Comment l’artisanat luxembourgeois se situe-t-il dans les grandes tendances actuelles de l’économie, comme la digitalisation, l’économie circulaire, ou encore le développement durable?

Tom Wirion: «L’artisanat a certainement un rôle à jouer dans ces grandes tendances. Il doit le faire en misant sur ses spécificités: la proximité, les relations privilégiées avec la clientèle, la flexibilité, la dimension régionale, et le savoir-faire. Tout cela combiné aux nouveaux outils du numérique. Quand on parle de la digitalisation dans l’artisanat, cela ne veut pas dire qu’on n’a plus besoin d’artisans qualifiés. On l’a d’ailleurs vu lors de la signature du Pakt Pro Artisanat avec le ministère de l’Économie. À cette occasion, nous avions rendu visite à un fabricant de fenêtres qui disposait d’une machine très performante et d’un robot pour la peinture des châssis. La question qui se posait alors était celle du profil à avoir pour diriger ces outils. Et il était clair qu’un menuisier, qui avait la connaissance de la matière, était nécessaire. Mais son profil devait être plus complet, car en plus de son savoir-faire de base, il avait besoin de compétences liées au numérique. Sans artisans qualifiés, ce virage ne pourra donc pas être pris.

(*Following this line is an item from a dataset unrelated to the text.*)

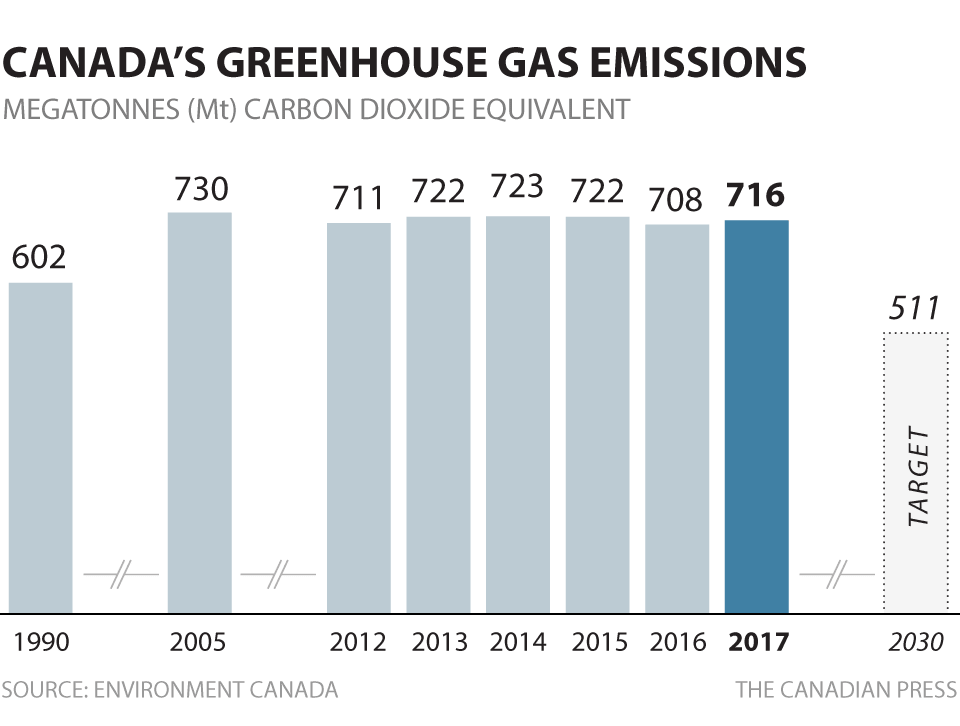 Canada S Greenhouse Gas Emissions Went Up In 17 Far Short Of Reduction Targets National Globalnews Ca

Qu’attendez-vous de la mise en place de l’étude stratégique Rifkin dans l’artisanat?

Roland Kuhn: «Je pense que cette étude doit être perçue par les artisans comme une invitation à réfléchir sur leur propre fonctionnement. La digitalisation n’est pas qu’une affaire d’ordinateurs ou de robots, c’est une philosophie. Chacun doit prendre le temps de repenser ses processus de production et de commercialisation. Pour moi, l’étude Rifkin est l’occasion de se remettre en question.

L’artisanat de demain sera donc un artisanat à valeur ajoutée?

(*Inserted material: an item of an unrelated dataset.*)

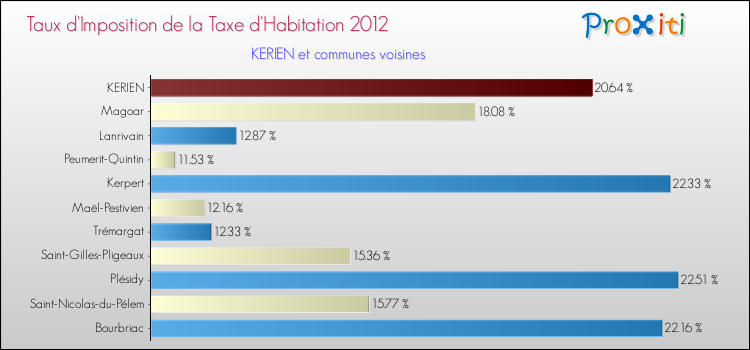 Taux d'imposition de la taxe d'habitation 2012 pour KERIEN et les communes proches Comparaison des taux d'imposition de la taxe d'habitation 2012 pour KERIEN et les communes voisines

T.W.: «C’est exactement cela. Et dans ce sens, la digitalisation est surtout une chance, car elle offre de nombreuses opportunités. Le secteur va évoluer, il va changer de visage, tout en gardant le besoin d’un certain savoir-faire que les outils numériques ne pourront pas apporter. Il y a des entreprises au Luxembourg qui sont déjà loin, d’autres qui sont sensibilisées. Mais une bonne moitié n’a pas la digitalisation sur son radar, souvent car le patron a la tête dans le guidon. L’artisanat se porte bien, les chiffres le montrent, il y a du travail. C’est plutôt positif, certes, mais cela ne doit pas faire oublier ce qui est en train de venir. Notre rôle en tant que Chambre des métiers est de faire en sorte que tous les acteurs de ce secteur prennent le train de la modernité.

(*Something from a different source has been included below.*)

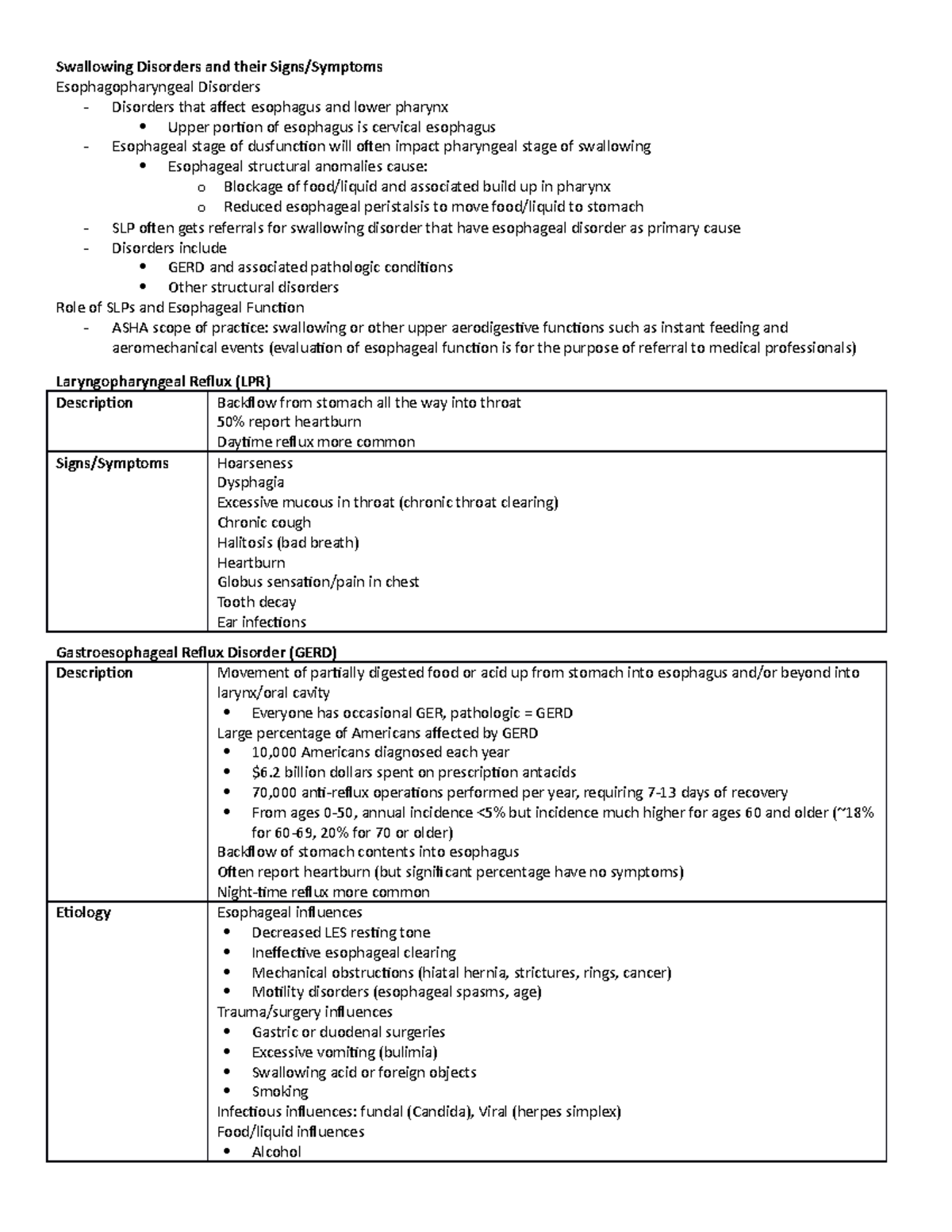 chart-5-lecture-notes-swallowing-disorders-cont-swallowing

Vous parliez du Pakt Pro Artisanat. Concrètement, quelles mesures vont être prises par la Chambre des métiers en ce qui concerne le chapitre de la digitalisation?

T.W.: «Nous allons mettre sur pied une cellule dédiée à la digitalisation. Nous sommes en train de recruter des profils spécifiques qui auront comme mission de sensibiliser, d’informer, d’organiser des workshops… mais aussi d’aller sur le terrain pour du conseil individuel. Ce type de cellule existe déjà en Allemagne. Nous regardons d’ailleurs souvent chez notre voisin, car la philosophie autour de l’artisanat est un peu la même que la nôtre. Le ministère de l’Économie allemand a décidé il y a cinq ou six ans de créer des centres de compétences pour l’industrie et l’artisanat avec des missions identiques à celles de la cellule que nous souhaitons mettre en place.

Comment les artisans perçoivent-ils toutes ces évolutions?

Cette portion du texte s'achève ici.